Please write out the data exactly, line by line.
= = =
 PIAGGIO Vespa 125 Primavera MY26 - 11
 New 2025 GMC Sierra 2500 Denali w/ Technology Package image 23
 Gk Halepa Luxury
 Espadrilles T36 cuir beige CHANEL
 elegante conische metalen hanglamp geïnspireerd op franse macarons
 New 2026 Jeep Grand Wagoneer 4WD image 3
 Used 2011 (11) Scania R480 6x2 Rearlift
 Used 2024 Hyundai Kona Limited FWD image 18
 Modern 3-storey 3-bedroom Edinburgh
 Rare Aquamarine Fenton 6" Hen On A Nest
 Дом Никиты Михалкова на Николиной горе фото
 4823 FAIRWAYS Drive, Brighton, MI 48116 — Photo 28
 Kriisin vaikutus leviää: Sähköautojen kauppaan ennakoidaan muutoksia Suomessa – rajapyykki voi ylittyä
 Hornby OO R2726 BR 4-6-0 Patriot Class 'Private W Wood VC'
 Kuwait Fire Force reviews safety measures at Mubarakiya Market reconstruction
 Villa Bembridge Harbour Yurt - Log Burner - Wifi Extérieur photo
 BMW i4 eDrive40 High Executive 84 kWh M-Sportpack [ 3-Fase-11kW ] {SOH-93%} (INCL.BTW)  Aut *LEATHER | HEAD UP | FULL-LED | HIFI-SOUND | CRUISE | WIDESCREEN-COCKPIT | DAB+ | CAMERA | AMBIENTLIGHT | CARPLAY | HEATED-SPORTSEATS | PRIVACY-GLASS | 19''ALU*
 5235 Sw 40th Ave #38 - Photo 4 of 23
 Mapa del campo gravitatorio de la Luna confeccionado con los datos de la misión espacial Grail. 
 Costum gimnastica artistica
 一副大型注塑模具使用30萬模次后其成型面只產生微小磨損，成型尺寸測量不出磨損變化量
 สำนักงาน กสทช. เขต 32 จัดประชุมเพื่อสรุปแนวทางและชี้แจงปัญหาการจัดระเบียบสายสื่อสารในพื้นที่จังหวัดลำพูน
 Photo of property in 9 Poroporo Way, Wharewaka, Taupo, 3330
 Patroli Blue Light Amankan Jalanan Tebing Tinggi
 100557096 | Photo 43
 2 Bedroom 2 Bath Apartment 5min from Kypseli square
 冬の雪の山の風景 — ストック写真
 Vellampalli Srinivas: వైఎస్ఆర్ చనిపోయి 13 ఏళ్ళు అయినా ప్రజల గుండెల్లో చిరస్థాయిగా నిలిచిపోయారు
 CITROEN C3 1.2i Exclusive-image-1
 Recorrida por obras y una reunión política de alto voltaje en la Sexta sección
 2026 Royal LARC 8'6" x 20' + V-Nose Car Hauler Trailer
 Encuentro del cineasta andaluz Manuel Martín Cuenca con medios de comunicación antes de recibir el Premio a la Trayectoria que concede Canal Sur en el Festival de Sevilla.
= = =
* **Response area**
 PIAGGIO Vespa 125 Primavera MY26 - 11
 New 2025 GMC Sierra 2500 Denali w/ Technology Package image 23
 Gk Halepa Luxury
 Espadrilles T36 cuir beige CHANEL
 elegante conische metalen hanglamp geïnspireerd op franse macarons
 New 2026 Jeep Grand Wagoneer 4WD image 3
 Used 2011 (11) Scania R480 6x2 Rearlift
 Used 2024 Hyundai Kona Limited FWD image 18
 Modern 3-storey 3-bedroom Edinburgh
 Rare Aquamarine Fenton 6" Hen On A Nest
 Дом Никиты Михалкова на Николиной горе фото
 4823 FAIRWAYS Drive, Brighton, MI 48116 — Photo 28
 Kriisin vaikutus leviää: Sähköautojen kauppaan ennakoidaan muutoksia Suomessa – rajapyykki voi ylittyä
 Hornby OO R2726 BR 4-6-0 Patriot Class 'Private W Wood VC'
 Kuwait Fire Force reviews safety measures at Mubarakiya Market reconstruction
 Villa Bembridge Harbour Yurt - Log Burner - Wifi Extérieur photo
 BMW i4 eDrive40 High Executive 84 kWh M-Sportpack [ 3-Fase-11kW ] {SOH-93%} (INCL.BTW)  Aut *LEATHER | HEAD UP | FULL-LED | HIFI-SOUND | CRUISE | WIDESCREEN-COCKPIT | DAB+ | CAMERA | AMBIENTLIGHT | CARPLAY | HEATED-SPORTSEATS | PRIVACY-GLASS | 19''ALU*
 5235 Sw 40th Ave #38 - Photo 4 of 23
 Mapa del campo gravitatorio de la Luna confeccionado con los datos de la misión espacial Grail. 
 Costum gimnastica artistica
 一副大型注塑模具使用30萬模次后其成型面只產生微小磨損，成型尺寸測量不出磨損變化量
 สำนักงาน กสทช. เขต 32 จัดประชุมเพื่อสรุปแนวทางและชี้แจงปัญหาการจัดระเบียบสายสื่อสารในพื้นที่จังหวัดลำพูน
 Photo of property in 9 Poroporo Way, Wharewaka, Taupo, 3330
 Patroli Blue Light Amankan Jalanan Tebing Tinggi
 100557096 | Photo 43
 2 Bedroom 2 Bath Apartment 5min from Kypseli square
 冬の雪の山の風景 — ストック写真
 Vellampalli Srinivas: వైఎస్ఆర్ చనిపోయి 13 ఏళ్ళు అయినా ప్రజల గుండెల్లో చిరస్థాయిగా నిలిచిపోయారు
 CITROEN C3 1.2i Exclusive-image-1
 Recorrida por obras y una reunión política de alto voltaje en la Sexta sección
 2026 Royal LARC 8'6" x 20' + V-Nose Car Hauler Trailer
 Encuentro del cineasta andaluz Manuel Martín Cuenca con medios de comunicación antes de recibir el Premio a la Trayectoria que concede Canal Sur en el Festival de Sevilla.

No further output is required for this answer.